Up@dawn 2.0

Wednesday, April 27, 2016

What is love? Baby don't hurt me, no more. (Cassie Franse, Section 6. Hegel, Kierkegaard, and Schopenhauer)


*cue music that is way too cliché and could only be listened to on a talkshow*
Hey there! Thanks for joining me for the very first episode of TalkingThoughts with Cassie Franse. I’m Cassie! Surprise! Today I have a very special treat for you. We will be joined by several philosophers who are going to answer a single question:  What is your definition of love? So please put your hands together for our very first guest, Georg Wilhelm Hegel!

*audience applause*
H: Hallo, it is such a pleasure to be on this show. Just yesterday, I was watching an owl outside my kitchen window wondering….

C: Georg, if you don’t mind me calling you that, I have a question to ask you before we get too far off topic. Do you care to answer it?

H: We will know by the end of it if you should have asked me or not, no?

C: Georg, G.W, you are so right. My question is, what is your definition of love?

*camera zooms into Hegel’s face showing intense concentration and uncertainty*
H: Love… Liebe… Can you ask me something about history instead? Or Geist? But I suppose that love is a union between two people, natural and spiritual in a sense. Natural in the way that when two persons come together to form a union, they must set aside their natural individuality. Doing so helps them achieve a better idea of self-awareness and a higher self-consciousness. Make any sense to you? I know explaining it myself might be a little easier than trying to understand any of my writing.

C: Do you think when a person achieves a higher self-consciousness; do you think that person has achieved their moment in history? What if you love several times, all different people?

H: I believe everyone achieves their moment in history, but no one will know until after everything is said and done, until the event has passed will we truly know the intent and purpose for that occurrence. Why would people love more than once? My, how the times have changed.

C: Okay Georg, thank you for starting the discussion strong! I have a surprise for you actually! I’d like to welcome to the show Soren Kierkegaard!

*audience applause*

K: Hello, this is my first time doing this so I’m sorry if I mess up, I don’t have many friends, just one or two.

C: Act natural, just answer a question for me. Georg, feel free to jump in if you’d like! Soren, what is love?

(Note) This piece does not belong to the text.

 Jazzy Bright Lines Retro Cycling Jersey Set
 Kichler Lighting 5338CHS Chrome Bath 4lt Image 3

*camera zooms in to Kierkegaard’s face just in time to see a tear roll down his cheek*

K: Want to know what love is? Love is making a decision which is based entirely on the aesthetic or the ethical. You can EITHER choose to love with a sense of pleasure and searching for physical beauty OR you can choose to base your love off of conventional moral rules. You just have to be prepared to know that the decision you make might not be the right one. Love is giving someone up because you don’t want to live up to the family name that for example might mean ‘graveyard’.

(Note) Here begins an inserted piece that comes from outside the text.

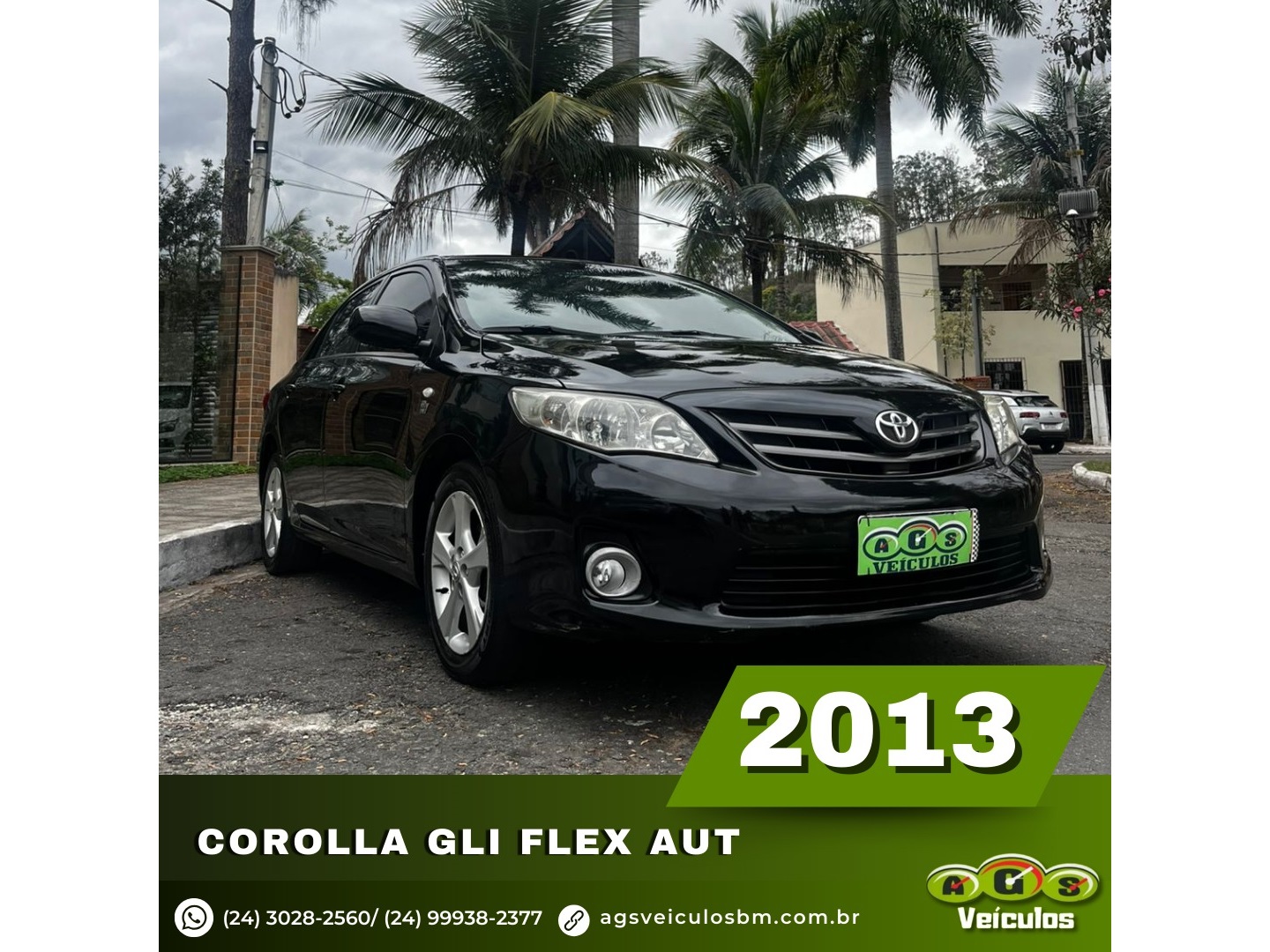 TOYOTA COROLLA 1.8 GLI 16V FLEX 4P AUTOMÁTICO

H: Who is she? She did a number on you, mein freund.

K: REGINE OLSEN, IF YOU ARE LISTENING TO THIS, I LOVE YOU.

*Kierkegaard collapses in on himself, overwhelmed with tears and Hegel pats his back awkwardly, unsure of what he was supposed to say or do.*
C: Okay, okay. Let me just pull out one more guest before  we run out of time. Please put your hands together for Arthur Schopenhauer!

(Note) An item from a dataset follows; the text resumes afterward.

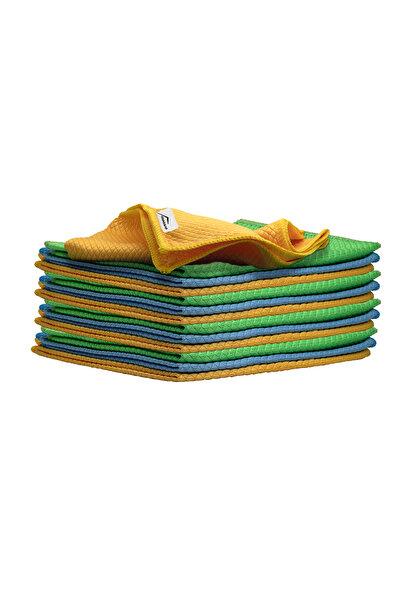 Casasro Laveta de curatat din microfibra, 100% poliester, pachet de 13, model...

*cricket sound, shoes are rustling, and someone just coughed*
C: Arthur, Artie, how are you? I’m so glad you were able to join us.

*Schopenhauer looks directly at Hegel and snorts*
S: It’s my pleasure, I’m glad you asked me to make an appearance.

C: I’m curious to know, what is your definition of love?

H: He wouldn’t know what love was even if it hit him right in his big nose.

*Kierkegaard and Hegel giggle and Schopenhauer’s grimace deepens*
S: I’m glad you asked. I think love is something that many think is attainable, yet when they actually do attain it, they aren’t satisfied anymore and thus begins the hopeless cycle of life. Each person has their own representation of the world around them and the things that are on this Earth. This is how a person makes sense of everything around them and ultimately within. Love is an experience. Hegel probably had something ridiculous and drawn out to say, I’m sure.

H: Excuse me, I can’t hear you over my packed lecture hall.

K: So much tension, this is making me wish Regine was here. Sweet Regine.  I. Love. Regine.
C: I’m afraid that’s all the time we have left today, please join us next week for an in depth view of what the host, me, thinks of love and which of these lovely men I can agree with partially or not at all!

*camera pans out; Schopenhauer is standing up yelling at Hegel. Hegel is holding Kierkegaard now, trying to console him while laughing at Schopenhauer’s reddening face. Cue cliché talk show music*

1 comment:

  1. I'd definitely watch this show!

    A future episode might profitably (or at least entertainingly) wonder if Schopenhauer's dismissive view of love as one of the ways human actions get co-opted by the voracious and ultimately impersonal Will was not just his way of "rationalizing" the failure of his own youthful attempts at romance. Rather than looking back with tearful regret, like Kierkegaard, he created a metaphysical system to justify his pessimism about relationships (and everything).